EMS professionals faced danger in hopes of saving lives at Calif. school shooting

The International Association of EMTs and Paramedics said the first responders chose to forgo body armor in order to quickly treat and transport wounded students


Even though Santa Clarita is the third-largest city in LA county, it is still a very close-knit community. First responders were not only responding to students, during this incident. In some cases, they were responding to immediate family. Learn more about the elements that complicated the operational response in this analysis by EMS1 columnist Rob Lawrence

By EMS1 Staff

SANTA CLARITA, Calif. — EMS professionals responding to the Saugus High School shooting Thursday acted without securing body armor and went to work immediately after assessing the severity of the situation.

Paramedics were called to Saugus High School at 7:40 a.m.
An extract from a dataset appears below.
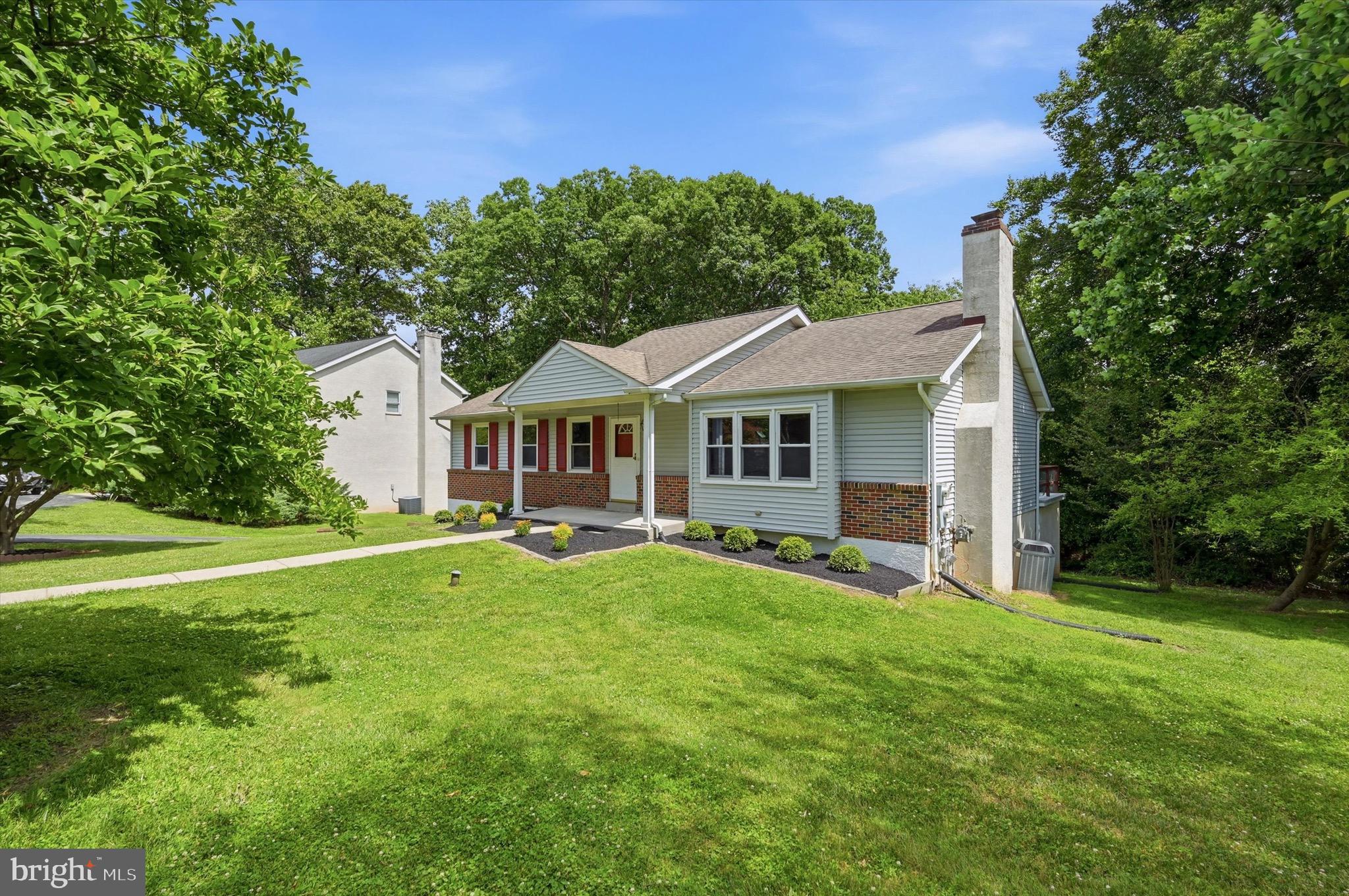 LAFAYETTE HILL - Residential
Thursday morning in response to an active shooter, arriving on scene a mere two minutes later.

Student Sayla David, 12, holds thank you signs for first responders outside the Saugus High School in Santa Clarita, Calif., Friday, Nov. 15, 2019. (AP Photo/Damian Dovarganes)
Student Sayla David, 12, holds thank you signs for first responders outside the Saugus High School in Santa Clarita, Calif., Friday, Nov. 15, 2019. (AP Photo/Damian Dovarganes)

Juan Ortiz and his partner Sara Valenzuela, both veteran EMTs and members of the International Association of EMTs and Paramedics (IAEP) Local 77, were the first to respond and quickly called for more units upon discovering that four or more victims needed medical attention.
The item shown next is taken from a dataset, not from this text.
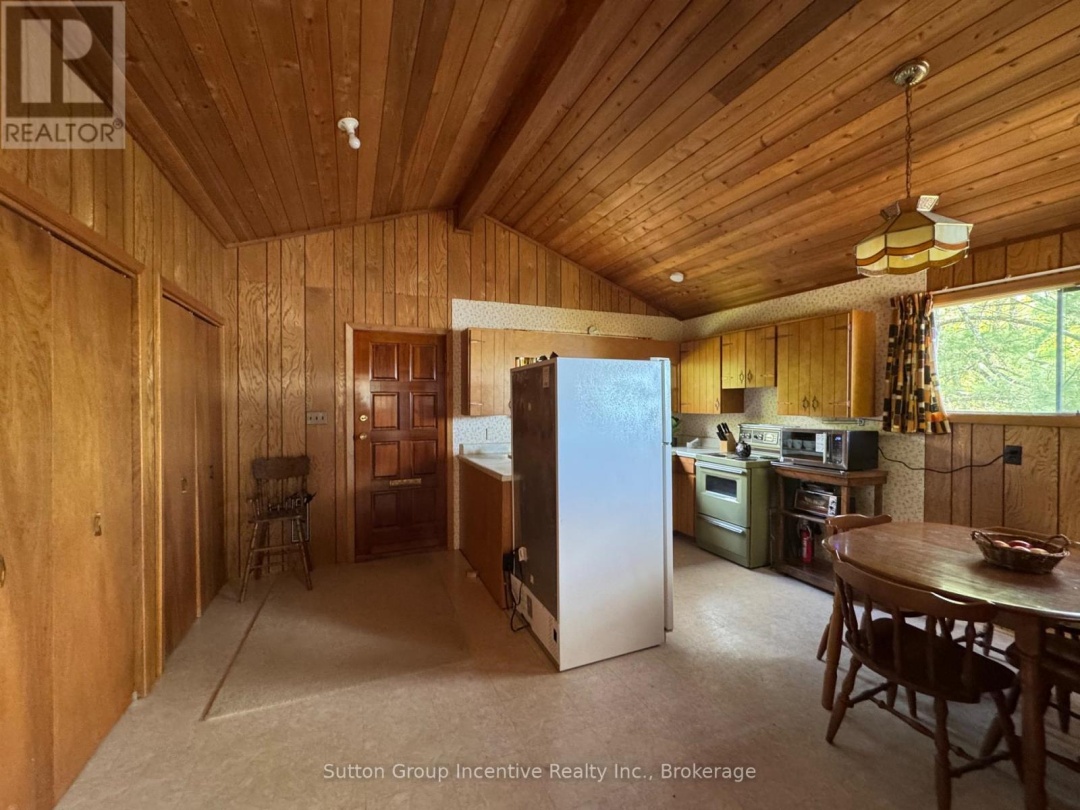 1017 Goldfinch Court, Sparrow Lake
Ortiz and Valenzuela attempted to establish a triage staging area but upon hearing of the severity of victims’ injuries, they made the call to move in without awaiting proper protection.
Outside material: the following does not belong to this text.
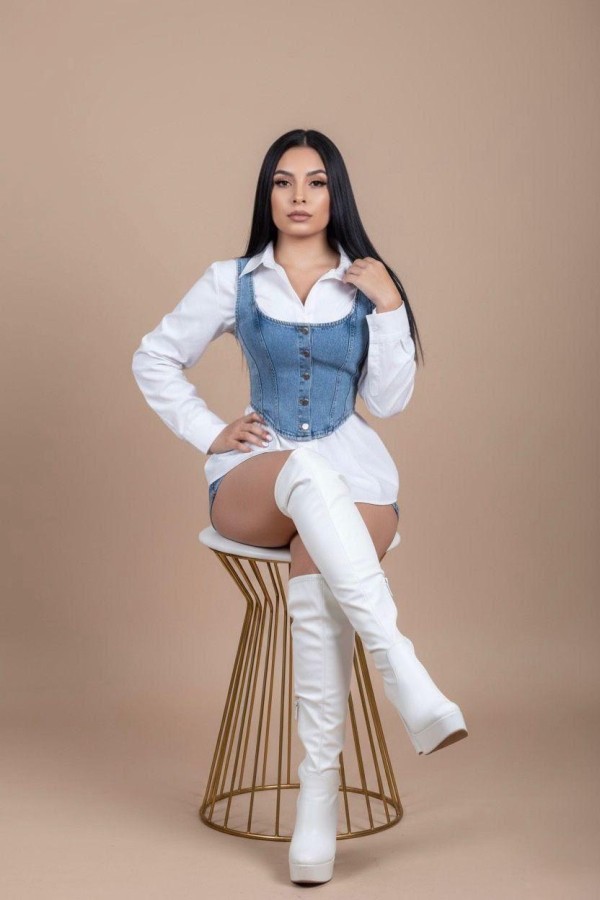 Hermosa colombiana, Nueva en Alicante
Under the guard of Santa Clarita law enforcement officers, Ortiz and a fire medic entered the “hot zone” where the shooter was known to be at large while Valenzuela retrieved backboard supports from their emergency vehicle. 

Ortiz and his assisting paramedic stabilized and extracted a male student who had been shot in the abdomen.

“We picked him up quickly and got escorted out of there. With only one squad, one ambulance and one engine arriving to triage everyone it was chaos.” said Ortiz.

Valenzuela drove as her partner and their assisting paramedic attempted compressions on route to the hospital, but despite their expedient efforts, the student did not survive his injuries.

“Our deepest sympathies go out to our members, their families and the community of Santa Clarita.” said IAEP National Director Philip Petit. “These professionals should be proud and highly acknowledged for their fast, decisive action in response to the tragic events at Saugus High. IAEP certainly recognizes their efforts and dedication, and we hope AMR (American Medical Response) management will do the same.” 

Many of the first responders called to action that day had deep ties to Saugus. Some, like Valenzuela, had several friends and even family who currently attend the school.

Jacob Moeller, brother to a 2017 Saugus graduate and responding EMT also supported the decision to act fast, saying, “Despite the chaos and potentially reckless response on our part going in without body armor, I believe it was the right choice. Had we all been forced to stage out and wait, some of the victims may not have had a fighting chance.”